続く「会社の命令であれこれ回されてきたあげくに「もう能力的にはゼロなんですよ」が通用するかという話になると、それはなかなか難しかろうとも思われる」に関しては、定年前は格別定年後については私は十分通用するし当然に通用すると考えています。「会社の命令であれこれ回されてきたあげく」定年を迎えるわけであって、それまでの分はそこで退職金も受け取っていったん清算して「会社の命令であれこれ回され」たことの落とし前がついたうえで退職するわけです。そして、希望すれば新たな労働条件、新たな職務で再雇用され、65歳まで継続雇用される。もちろん、この新たな労働条件、新たな職務の提示まで「もう能力的にはゼロなんですよ」だからしませんというのは、それは(企業としては苦心するところですが)「なかなか難しかろうと」私も思います。しかし、定年後再雇用の新たな雇用契約は多くの場合hamachan先生のいわゆるジョブ型の有期契約であり、当該ジョブを遂行する能力を喪失する/事業縮小などで当該ジョブが消失するといった場合には当然に雇い止めもありうるものでしょう。定年前までの人事管理を定年後再雇用においても引きずるのだとすれば、それはまさに審議会の部会でも繰り返し議論された「定年延長となにが違うんだ」という根幹の部分にかかわってくるわけですし、再雇用後は定年前とは切れたジョブ型雇用になるからこそ「代替は主に非正規雇用との間で発生し若年正社員就職への影響は軽微」という議論もされていたわけですし。まあこのあたり人事制度や再雇用制度がどういう設計になっているかによりますので、企業もそれを慎重に検討する必要があると思います。
最後の「覚悟だけの問題じゃない」については、60歳以前に解雇する覚悟という話とはかなり距離があるだろうなと思うのは上で書いたとおりですが、定年時についてはすでに清算が済んでいるので別問題です。もちろん難しかろうと思いますが、「能力的にゼロ」だから、あるいは別の理由もあるでしょうが、再就労を提示しないことはできるし、それが合理的で相当な場合もあるはずです。争いになるかならないか、なった場合にどういう結論になるかということも考えたうえで再就労を提示しないというチョイスは当然ありうるもので、ここは覚悟といえば覚悟の問題かもしれません。

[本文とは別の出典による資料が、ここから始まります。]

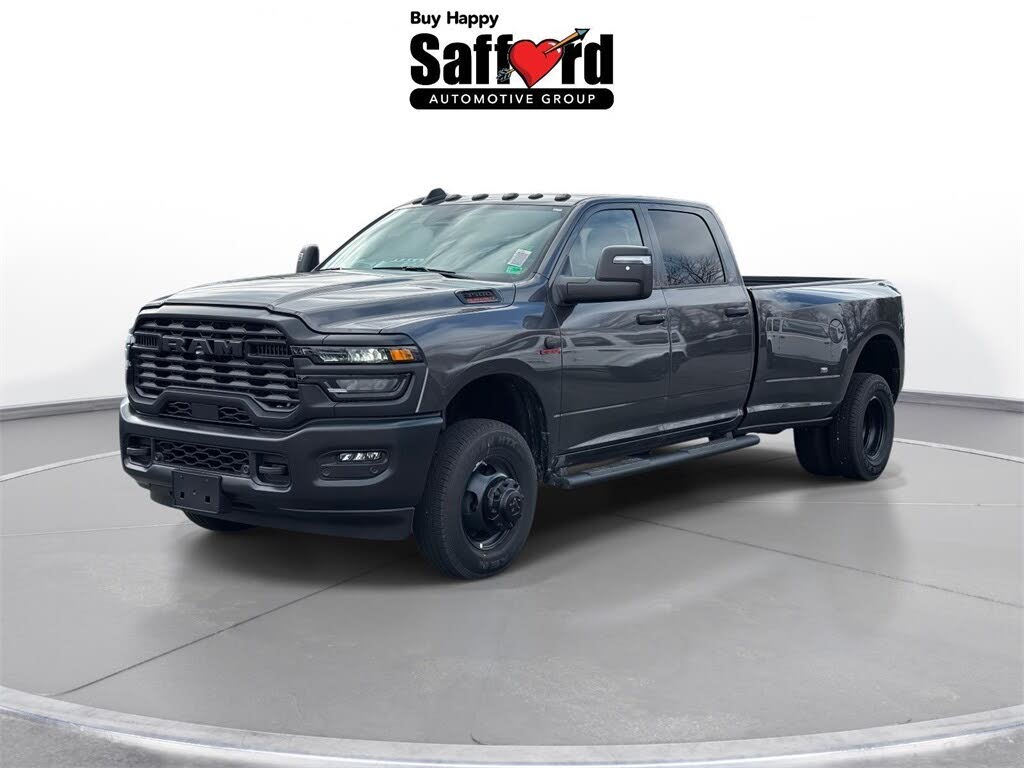 2026 RAM 3500 Tradesman Crew Cab LB DRW 4WD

その観点から今回の法改正を評価すれば、改正前は労使の覚悟の問題だったのに対し、改正後は使用者だけの覚悟が問われるようになったということではないでしょうか。そう考えると、以前は企業が労組を一種の「共犯関係」に巻き込んでいたところ労組がそれを解消したというのが今回の法改正だったのかもしれません。上で書いたようにその気持ちはわかりますし、いっぽうで私などはそれをとらえて逃げるのかなどと申し上げて各方面の顰蹙を買ったわけですが、しかし労組として制度的な関与の保障を捨てて使用者のフリーハンドに任せることが本当によかったのかということは私は今も疑問に思っています。